Crypto’s next phase centers on the interfaces it relies on—custody, exchanges, regulatory rails, and real-world infrastructure. From DoJ enforcements to bank apps and municipal rules, the market is revealing where durable liquidity and trusted custody actually live.

Crypto keeps selling itself as a technology for escaping intermediaries. The more useful read of the current market is almost the opposite: the highest-signal developments are happening at the choke points.

That does not mean crypto is dead, captured, or irrelevant. It means the economic center of gravity is shifting toward the places where crypto touches regulated banking, exchange liquidity, physical infrastructure, law enforcement, and real-world users. The rails matter more than the slogan. Custody matters. Market depth matters. Power and water matter. The ability to freeze, list, settle, permit, tax, and supervise matters.

Today’s developments point in the same direction. The DoJ is leaning on exchanges, tech platforms, hosting providers, and international police to disrupt crypto fraud networks. Traders are extracting large claimed yields from thin stock-perpetual markets where funding rates are out of line. Vietnam is talking to Bybit about helping build a regulated exchange pilot. A Belarusian bank is putting crypto trading inside its mobile app. Payments-focused chains like Tempo are pitching enterprises on compliant stablecoin infrastructure. Fort Worth is considering rules that would ban crypto mining as a primary land use while keeping the door open for large data centers.

These are not isolated stories. They are different expressions of the same structural reality: crypto’s next phase is less about abstract decentralization and more about who controls the operational interfaces.

The state can still reach crypto through the off-ramps

The DoJ’s latest action against Southeast Asia-linked crypto fraud networks is a good example of how crypto enforcement actually works in practice. The headline number is not huge in market terms: more than $3.8 million in cryptocurrency was reportedly frozen, with Coinbase accounting for over $3 million of that. The operation also involved disruption of large volumes of online infrastructure, including social media, email, internet accounts, Microsoft accounts, hosting, and Starlink-related equipment. Seven arrests were reported in Thailand.

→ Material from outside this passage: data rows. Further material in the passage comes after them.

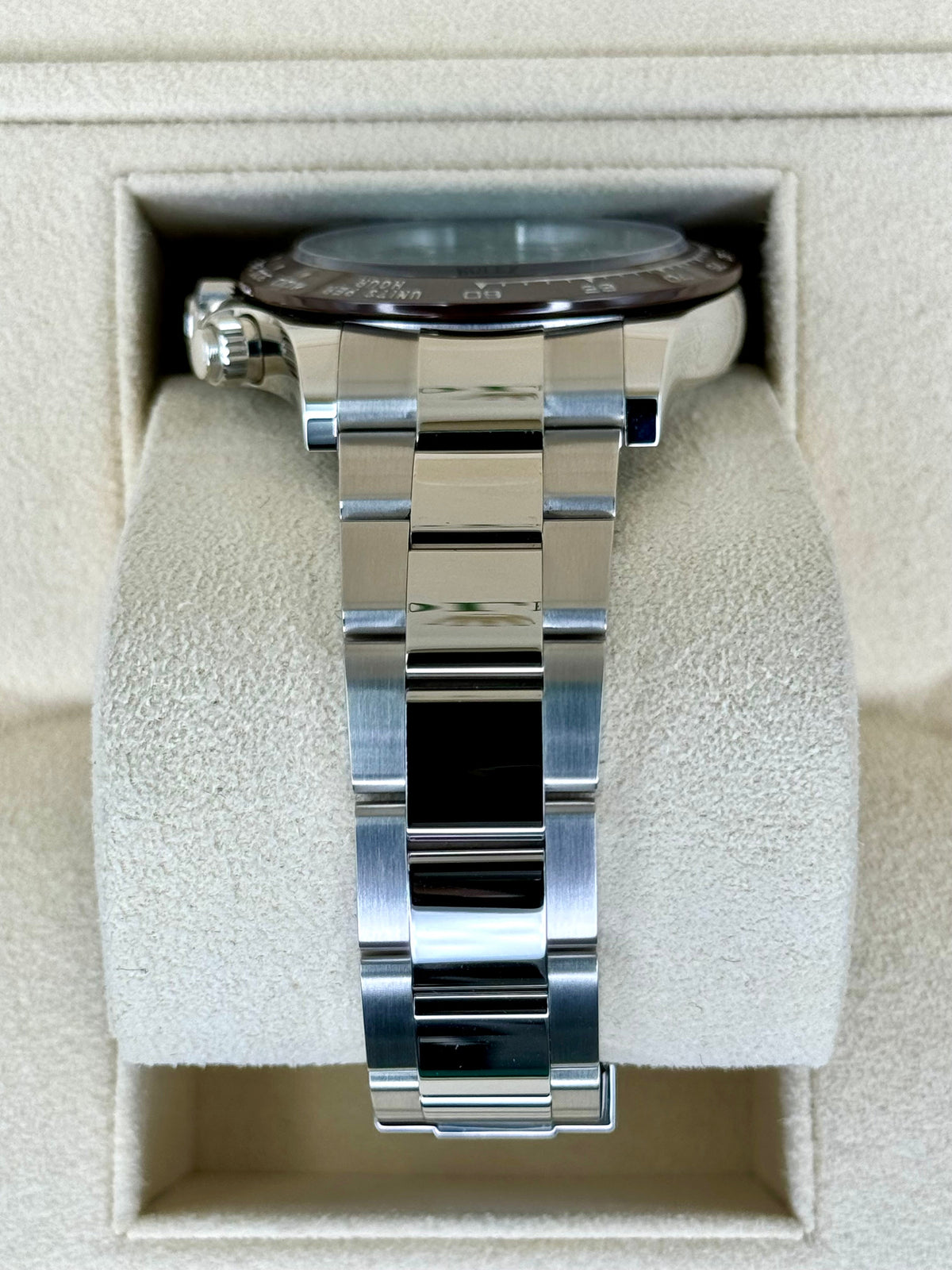 NEW 2023 Rolex Daytona 40mm 116506 Platinum Ice Blue Diamond Dial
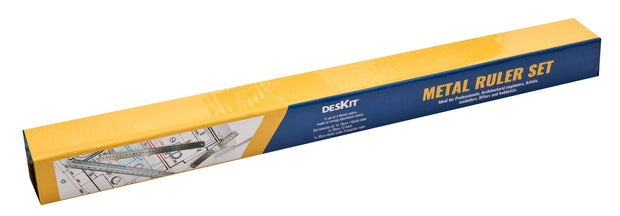 DESKit Stainless Steel Rulers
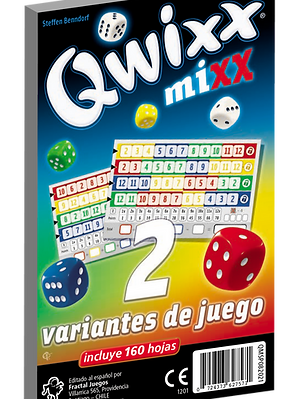 Qwixx Mixx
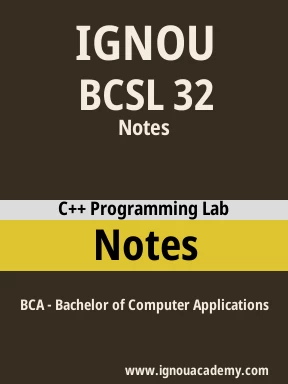 BCSL 32 Solved Assignment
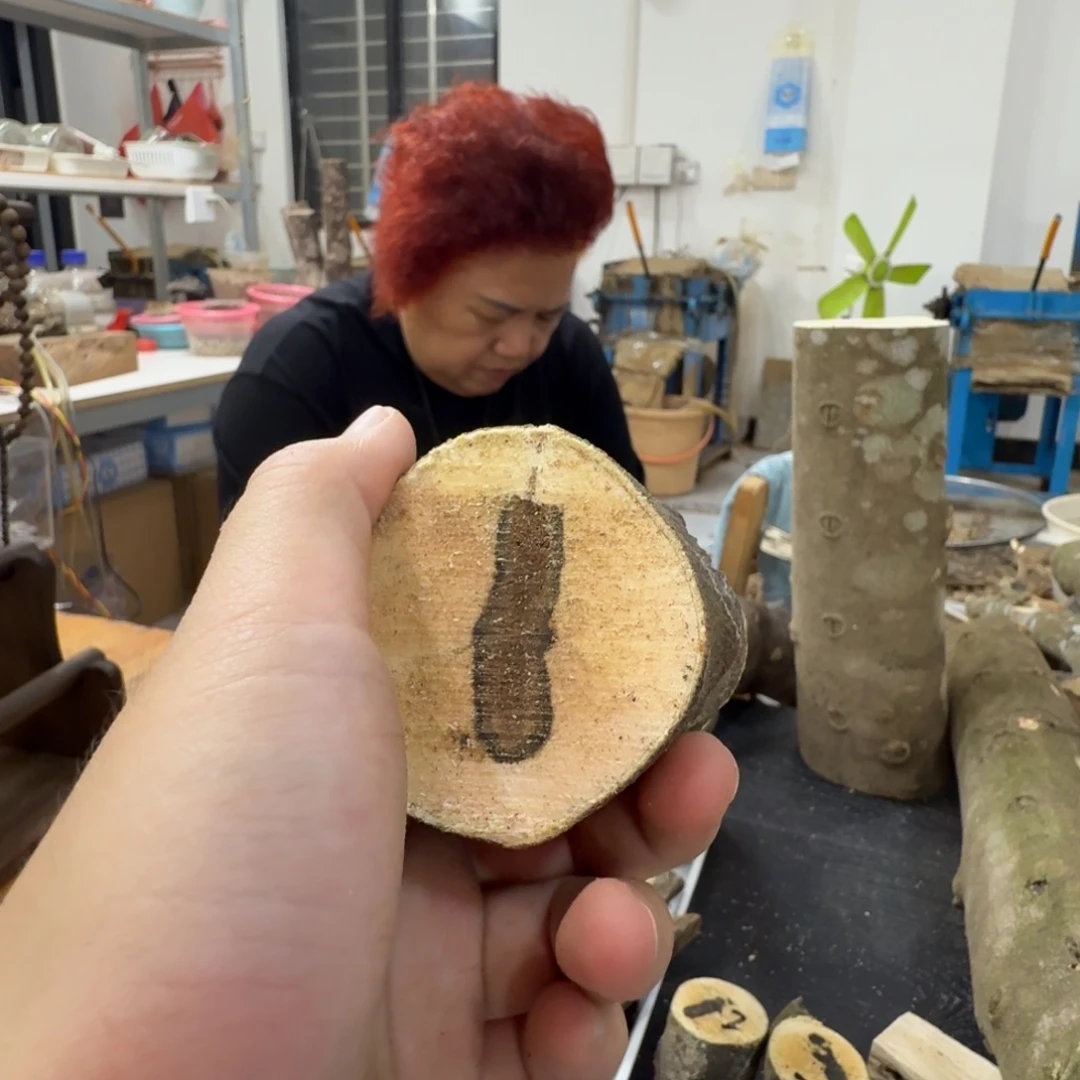 闲***着线香奇楠沉香原木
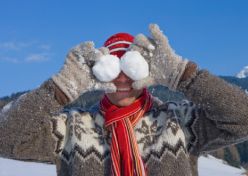 snowball fight
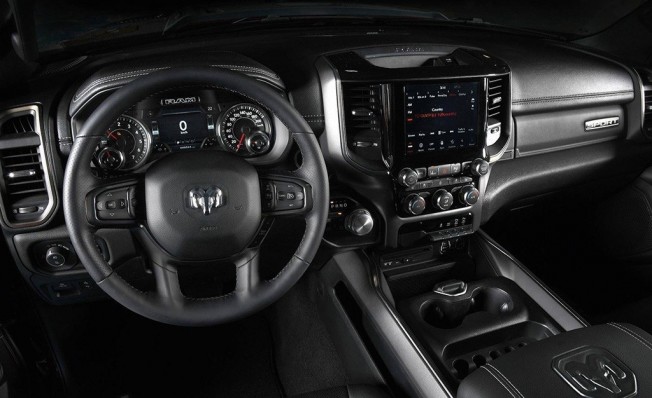 RAM 1500 Sport - interior RAM 1500 Sport - interior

The mechanism is what matters. Law enforcement is not “shutting down the blockchain.” It is pressuring the service layer around it: exchanges, tech platforms, hosting providers, telecom infrastructure, and jurisdictional partners. That is where fraud operations recruit victims, host fake investment platforms, launder proceeds, and eventually seek liquidity.

This is tactically useful. Pig-butchering and fake crypto investment schemes are not a rounding error. The article cites DoJ figures showing U.S. crypto investment scam losses rising from $3.96 billion in 2023 to $5.8 billion in 2024 and over $7.2 billion in 2025. Against that, $3.8 million frozen is small. But the operational template is important: find the custodial and communications dependencies, then coordinate takedowns across them.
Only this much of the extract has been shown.